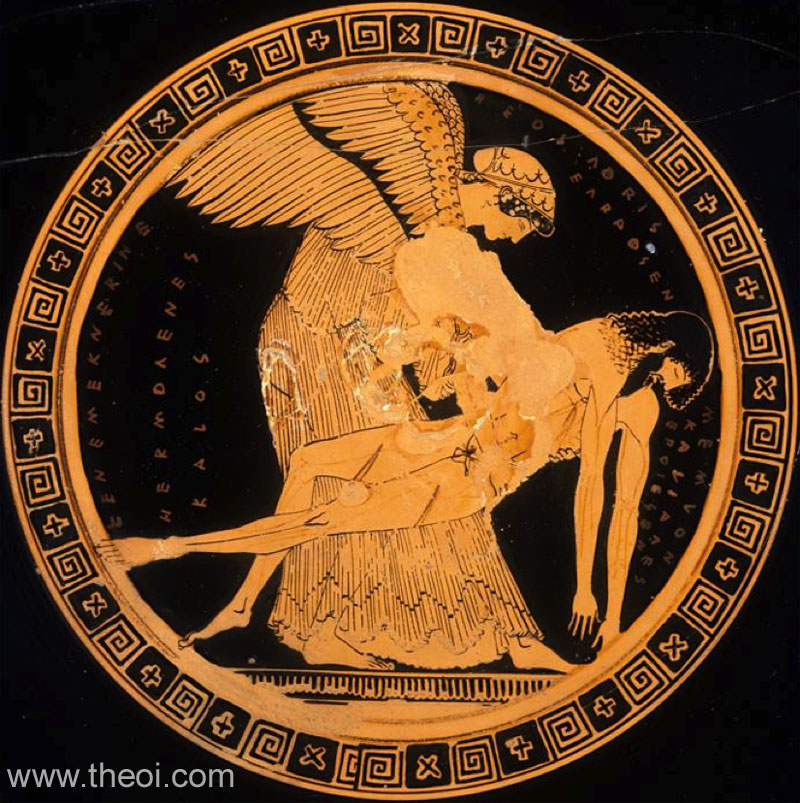 Eos & Body of Memnon | Attic red figure vase painting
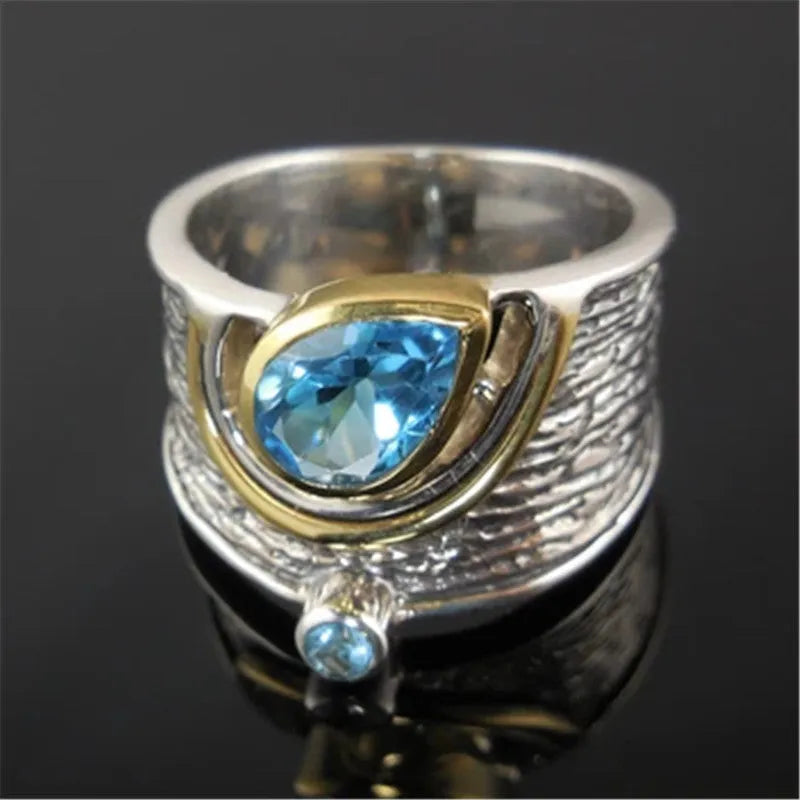 Women's Chinese style blue zircon ring with drop shape design and alloy metal construction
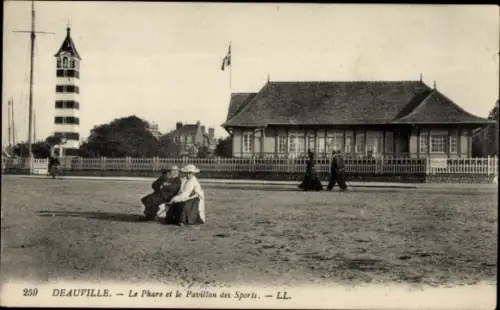 CPA Deauville La Plage Fleurie Calvados, Le Phare et le Pavillon des Sports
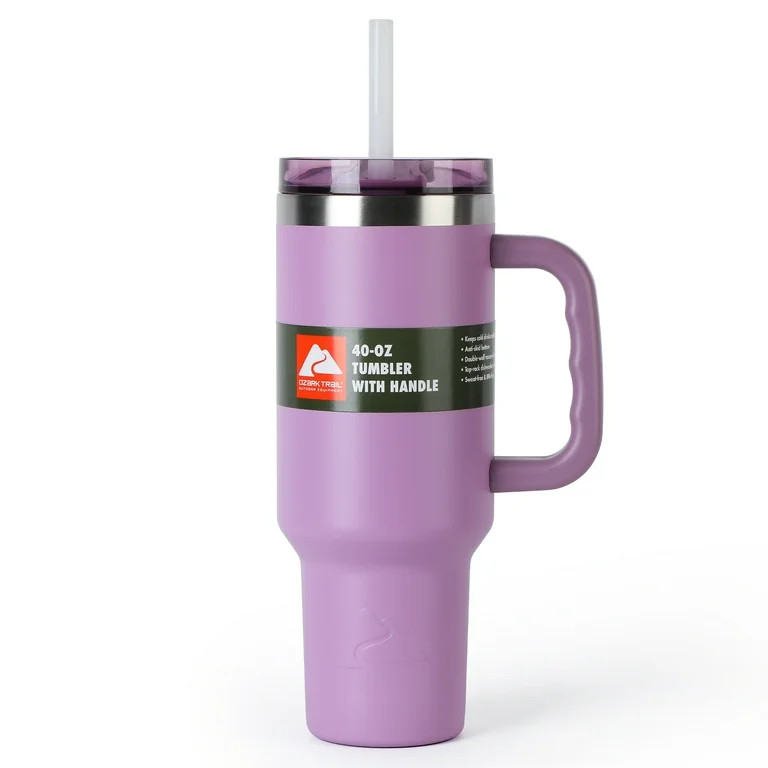 Ozark Trail 40 oz Insulated Stainless Steel Tumbler with Handle, New Lilac | Walmart (US)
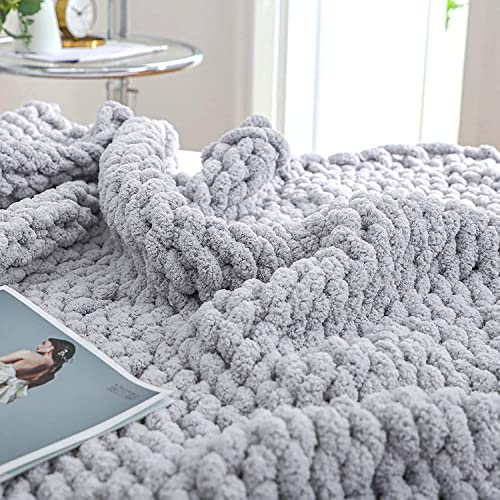 Cozy Hand-Knitted Chenille Throw Blanket for Couch Bed Sofa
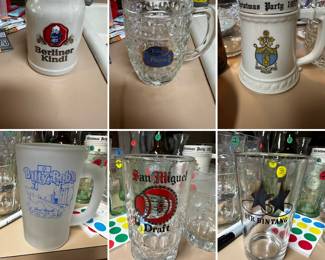 Das Bier! Billy Bob's 3rd Anniversary Mug, University of Texas Delta Gamma Sorority Bier Stein from the 1950's Also many beer goblets.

◆ EXERCISE ◆
Pictures aside, return exactly the lines from the data above, starting at the line that has "Women's Chinese style" and ending at the line that has "Ozark Trail 40", both included.

◆ COMPLETED TASK ◆
 Women's Chinese style blue zircon ring with drop shape design and alloy metal construction
 CPA Deauville La Plage Fleurie Calvados, Le Phare et le Pavillon des Sports
 Ozark Trail 40 oz Insulated Stainless Steel Tumbler with Handle, New Lilac | Walmart (US)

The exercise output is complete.